Start of Block

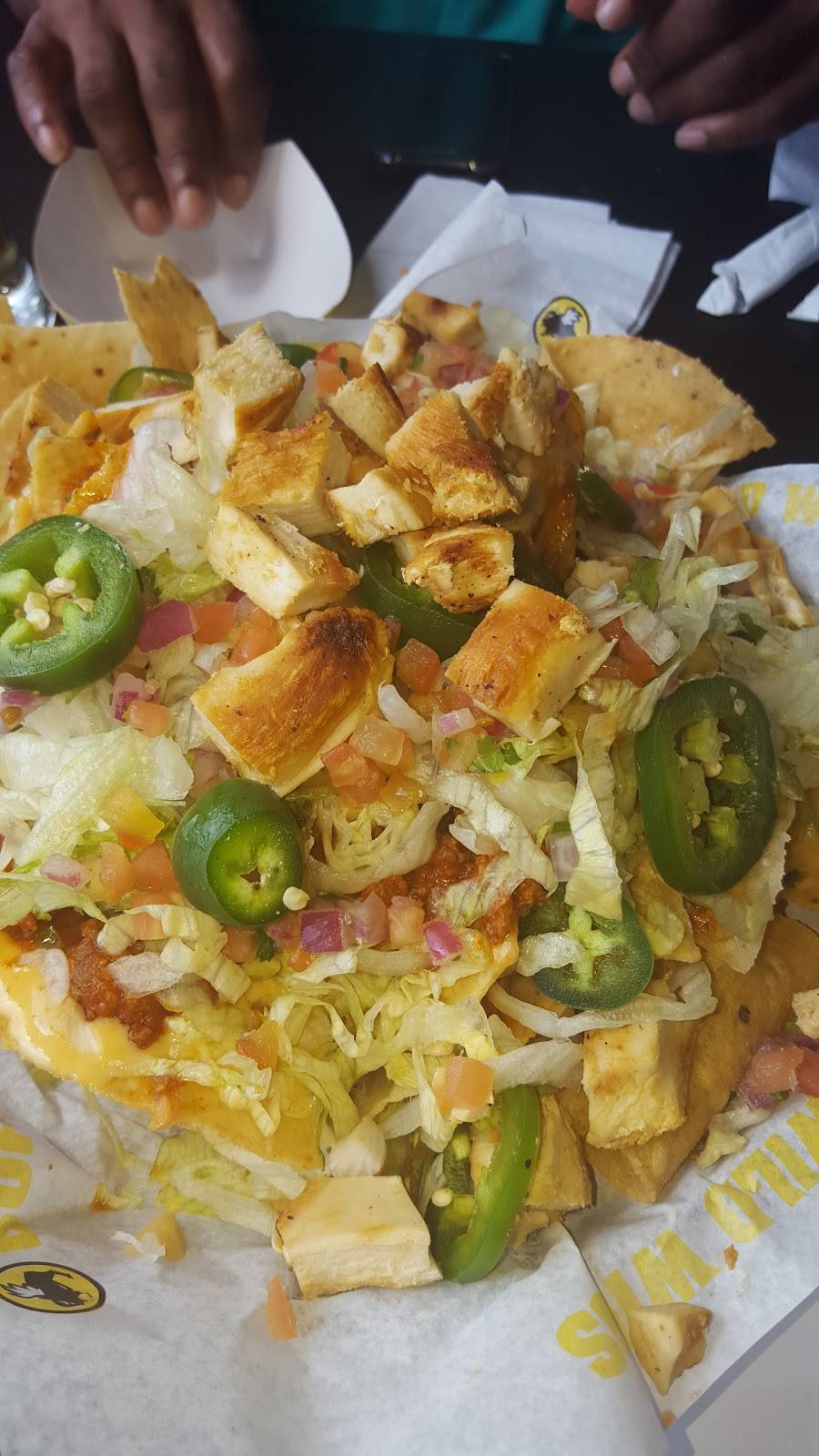 Buffalo Wild Wings | meal takeaway | 4150 General De Gaulle Dr, New Orleans, LA 70131, USA | 5042833256 OR +1 504-283-3256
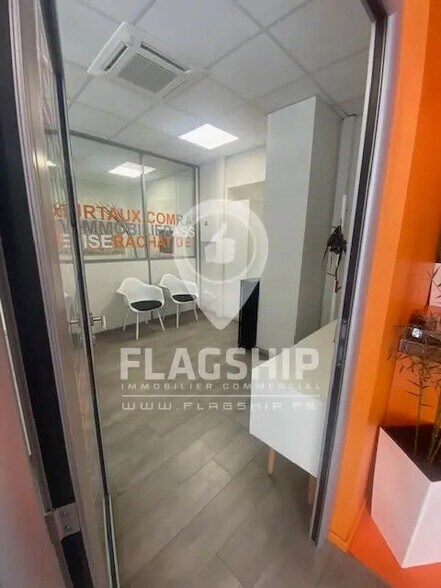 Commerce de détail dans Paris à louer - Photo intérieure - Image 3 de 9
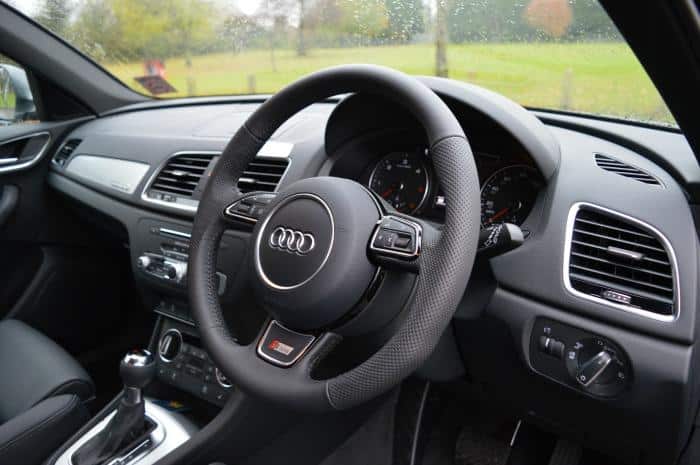 audi-q3-quattro-interior-dashboard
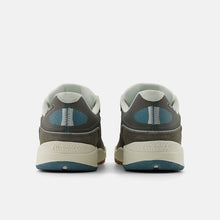 Load image into Gallery viewer, NB Numeric 1010 Tiago Lemos in Tornado with Salt Water
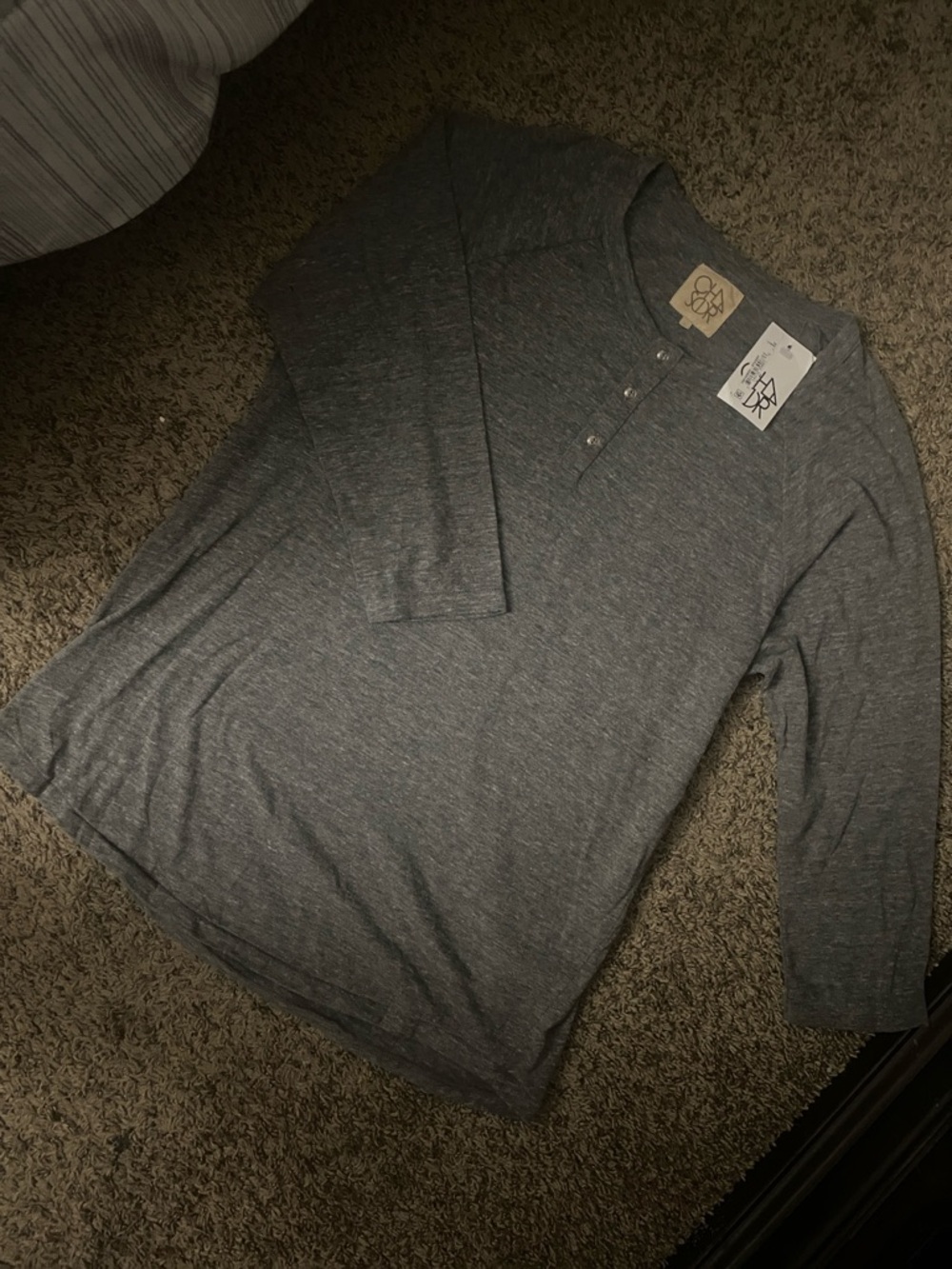 Men’s Large Triblend Streaky Grey NWT Raglan Henley Quarter-Sleeve Shirt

End of Block

» Task details
Please retype all the entries word for word, omitting the pictures.

» Output
 Buffalo Wild Wings | meal takeaway | 4150 General De Gaulle Dr, New Orleans, LA 70131, USA | 5042833256 OR +1 504-283-3256
 Commerce de détail dans Paris à louer - Photo intérieure - Image 3 de 9
 audi-q3-quattro-interior-dashboard
 Load image into Gallery viewer, NB Numeric 1010 Tiago Lemos in Tornado with Salt Water
 Men’s Large Triblend Streaky Grey NWT Raglan Henley Quarter-Sleeve Shirt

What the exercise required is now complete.